Но через мгновение услышал еще одно «кхм». Не веря своим ушам, Рённеберг обернулся и увидел, что Густав смотрит в пустой футляр.
– Тут нет очков.
– А где они тогда, черт возьми?
– Они были там, когда вы вошли, – захныкал Густав, как будто во всем был виноват Рённеберг.
Снова отложив работу, десантник принялся шарить по столу, расшвыривая вещи. Наконец он нашел очки между страницами гроссбуха и передал их деду.
– А теперь заткнись.
К счастью, другие спецназовцы к этому моменту почти закончили установку взрывчатки и начали готовиться к отходу. Взяв у Густава ключи, они вышли из помещения для фильтрации тяжелой воды в коридор и открыли дверь, ведущую во двор; также они вытащили в коридор Густава, чтобы он мог убежать, когда они уйдут. Все, что оставалось сделать, – это поджечь бикфордов шнур.
И тут они услышали шаги.
Все замерли. Прислушиваясь, десантники различили топот ботинок на лестнице, примыкавшей к коридору. Выругавшись, они затаились с пистолетами наготове. Мгновение спустя появился еще один охранник, намного моложе Густава. К счастью, соображал он не быстрее старика и только удивленно вскрикнул, когда его окружили враги. Несколько вопросов показали, что он норвежец, отнюдь не горевший желанием рисковать своей жизнью, чтобы предупредить нацистов. Спецназовцы толкнули его к Густаву и переключили все свое внимание на взрывчатку.

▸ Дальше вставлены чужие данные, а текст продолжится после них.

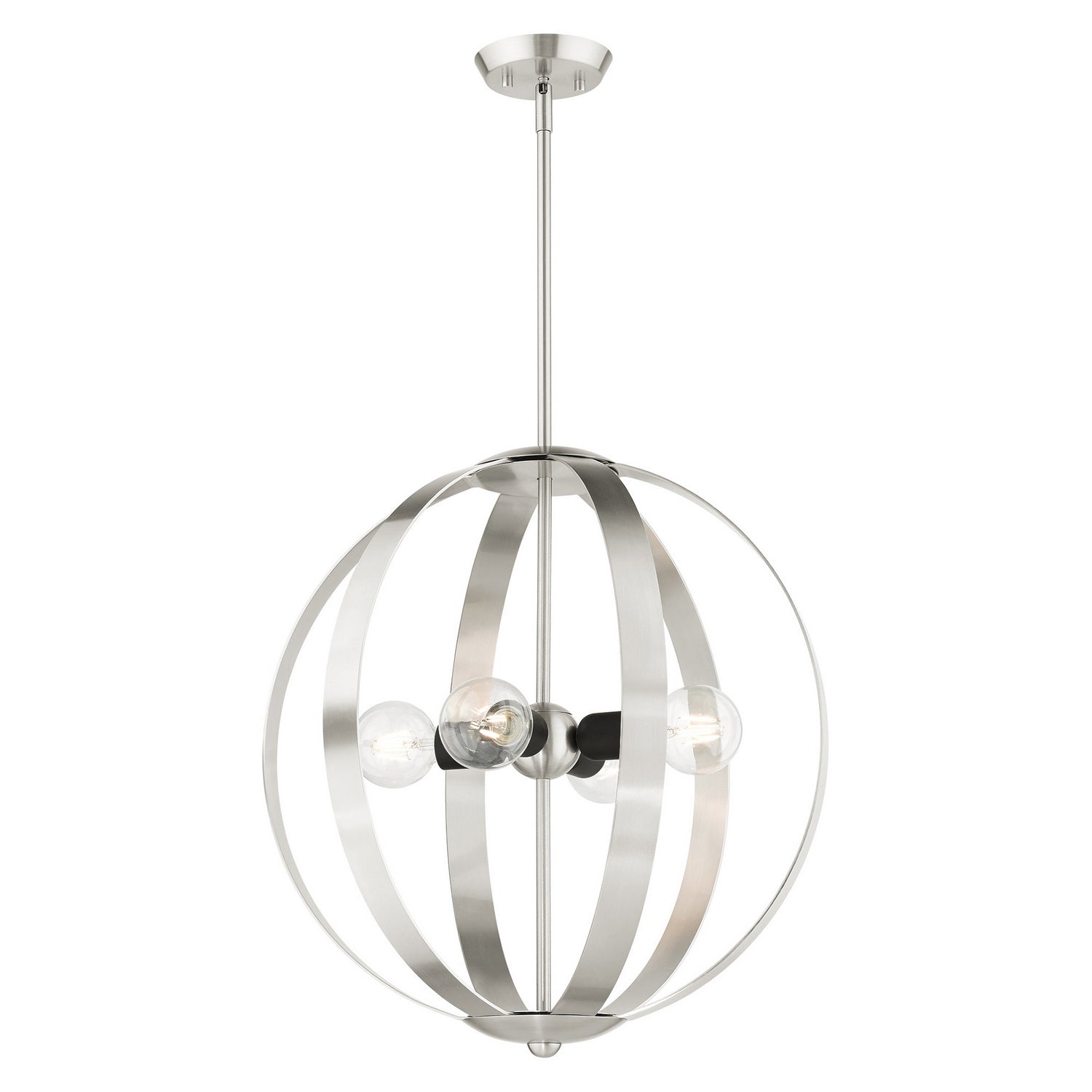 Livex Lighting - 46415-91 - Four Light Chandelier - Modesto - Brushed Nickel w/ Blacks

Наконец в 01:13 все было готово. Рённеберг полез в карман, достал несколько нашивок с эмблемой британской парашютной эскадрильи и швырнул их на землю – последний отвлекающий маневр для предотвращения расправ. Затем чиркнул спичкой и поджег шнур. Он будет гореть 30 секунд. Торопясь, Рённеберг выпустил Густава и молодого охранника, чтобы они выбежали наверх и легли на землю.
«Держите рты открытыми, пока не услышите взрыв, – посоветовал он. – Иначе резкое изменение давления порвет вам барабанные перепонки».

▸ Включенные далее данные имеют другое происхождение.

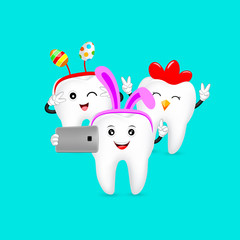 Funny cartoon Easter tooth character taking selfie by mobile phone. Dental care concept. Illustration isolated on blue background.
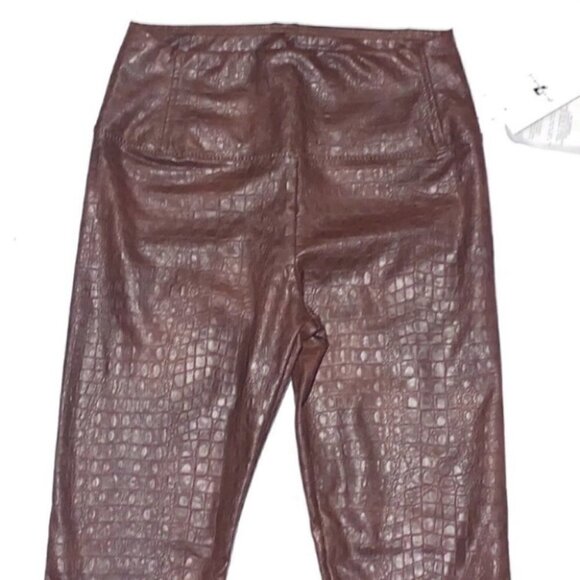 7 for all mankind brown high waist croco faux leather skinny leggings pants XS - Picture 3 of 11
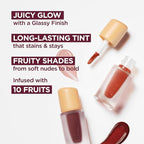 Laka Fruity Glam Lip Tint Mini, 1.9g/0.07oz, Glowing Lip Stain with Wide Color Spectrum, Hydrating & Lightweight Texture, Long-Lasting Bold Stain, Non-Sticky, Vegan, K-Beauty (#135 Hippie)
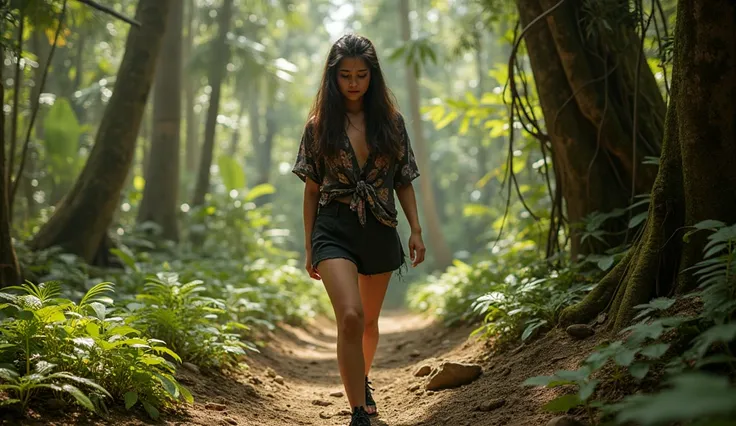 ((realistic photo)) [A beautiful 19-year-old girl walking through a dense jungle during the day, wearing a worn and dirty black batik blouse and a matching black skirt.] Her long, slightly messy black hair cascades over her shoulders, and her face shows a ...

Как только охранники убежали, десантники развернулись и ринулись вон из подвала.
Снаружи шум взрыва прозвучал на удивление тихо – «только басы, без высоких нот», как заметил один историк. Кое-кто из команды «Ганнерсайда» стал переживать, что взрывчатка не сработала. Но волноваться было не о чем. Толстые стены «Веморка» просто поглотили звук взрыва. «Нобель-808» в подвале прекрасно справился со своей задачей, расколов установки и расплескав повсюду тяжелую воду. Вдобавок осколки оборудования пробили трубы, шедшие вдоль потолка, и обычная вода затопила помещение, смыв в канализацию 350 килограммов чистейшего «сока».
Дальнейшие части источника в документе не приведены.